Why it matters: Fentanyl and other synthetic opioids kill tens of thousands of Americans every year, tearing apart families while fracturing communities and disrupting the labor market.
Driving the news: Some members of the House Select Committee on the Chinese Communist Party are forming a new policy working group, Chairman John Moolenaar (R-Mich.) and ranking member Raja Krishnamoorthi (D-Ill.) told Axios first.
- The seven-member group will seek to boost sanctions, target money launderers, and explore trade reforms to cut off supply from China, the lawmakers say.
The big picture: The working group, led by Reps. Dan Newhouse (R-Wash.) and Jake Auchincloss (D-Mass.), will build upon the select committee's report earlier this year detailing the ways the Chinese government subsidizes the manufacturing of fentanyl materials.
- Reps.

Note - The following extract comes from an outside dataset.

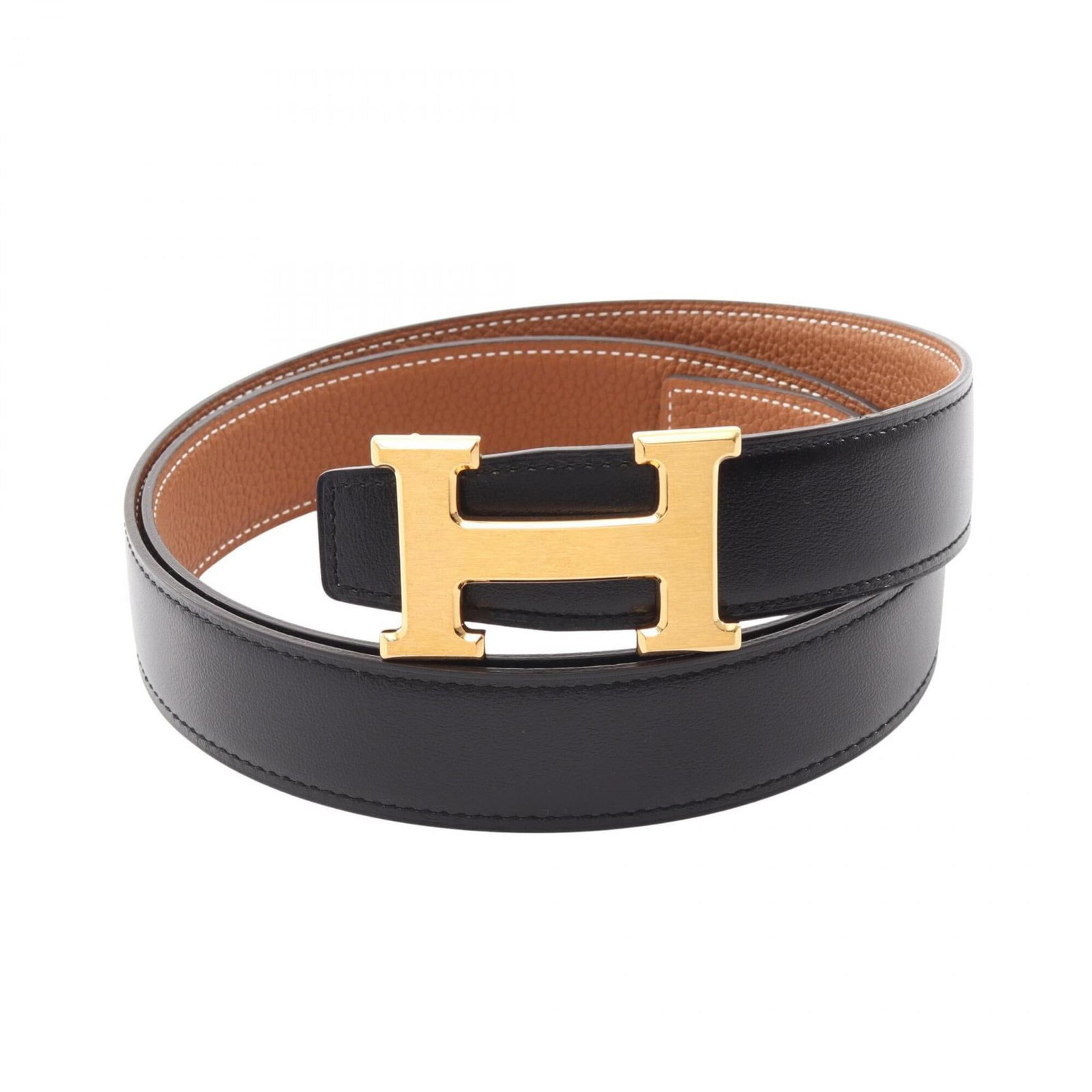 Hermes Standard Belt: Hermes Standard Belt Box calf leather and Togo leather combine in this classic standard belt from Hermes, available in black, brown, and gold. Measuring 98cm-103cm in length, the belt features a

Neal Dunn (R-Fla.), Ro Khanna (D-Calif.), Dusty Johnson (R-S.D.), Ritchie Torres (D-N.Y.) and Michelle Steel (R-Calif.) will also serve in the group.

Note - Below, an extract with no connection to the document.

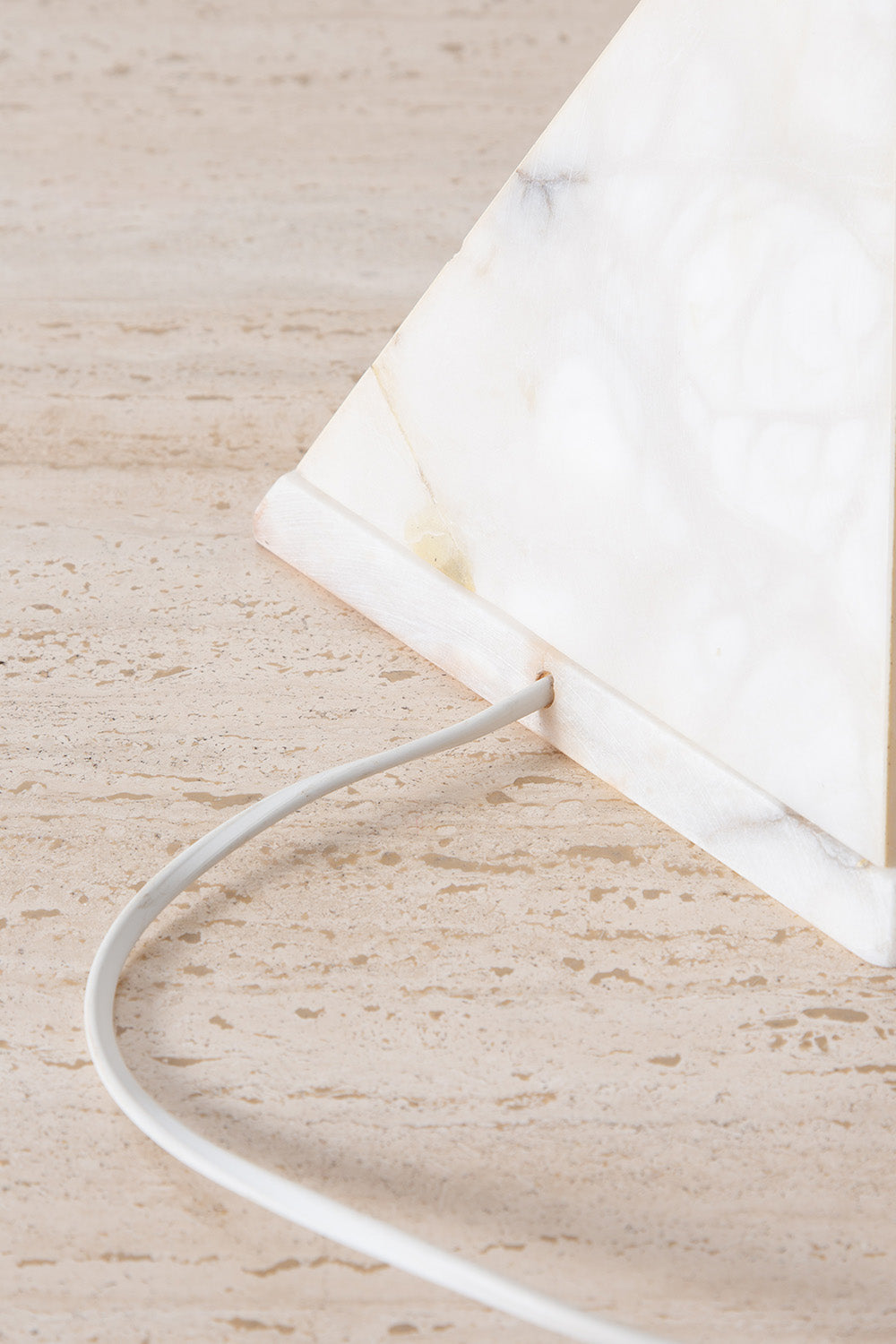STONEFORM TABLE LAMP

What they're saying: "From funding the manufacturing and export of illicit fentanyl precursor chemicals to holding ownership interest in companies tied to drug trafficking, the CCP is not only an active participant in the drug trade — they are directly incentivizing it," Newhouse said in a statement.
- The CCP "is essentially the central culprit behind the opioid epidemic," Torres told Axios last month. "97% of the fentanyl precursors are made in China."

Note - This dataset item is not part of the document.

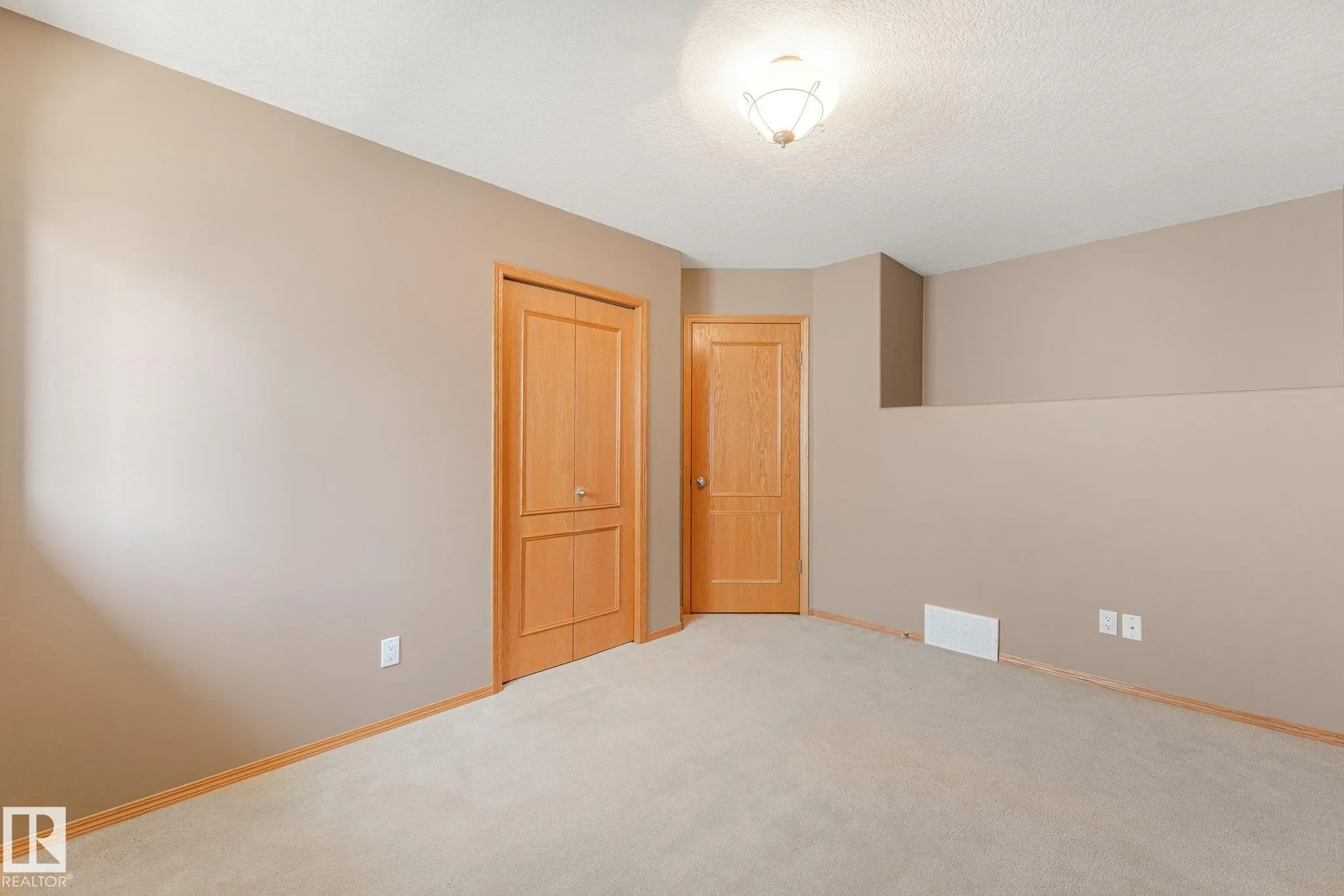 1271 ORMSBY Lane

Zoom in: The group will work to strengthen existing sanctions on entities involved in the fentanyl trade and draft legislation for new sanctions.
- Those entities include Chinese financial institutions "that launder drug proceeds for illicit chemical manufacturers and cartels," a committee spokesperson told Axios.
- The group will also target China-based apps "involved in money laundering and the fentanyl trade, such as WeChat Pay," by making them register as money services businesses.
- The lawmakers will focus on changing trade laws as well. They'll seek to lower the de minimis threshold that allows shipments under $800 to enter the U.S. with less scrutiny after the committee found fentanyl precursors often reached the country that way.
Context: The U.S. overdose death rate involving fentanyl almost quadrupled between 2016 and 2021.
- Chinese President Xi Jinping and President Biden made a pledge in November to curb the flow of chemical precursors to fentanyl. They also discussed the issue in April.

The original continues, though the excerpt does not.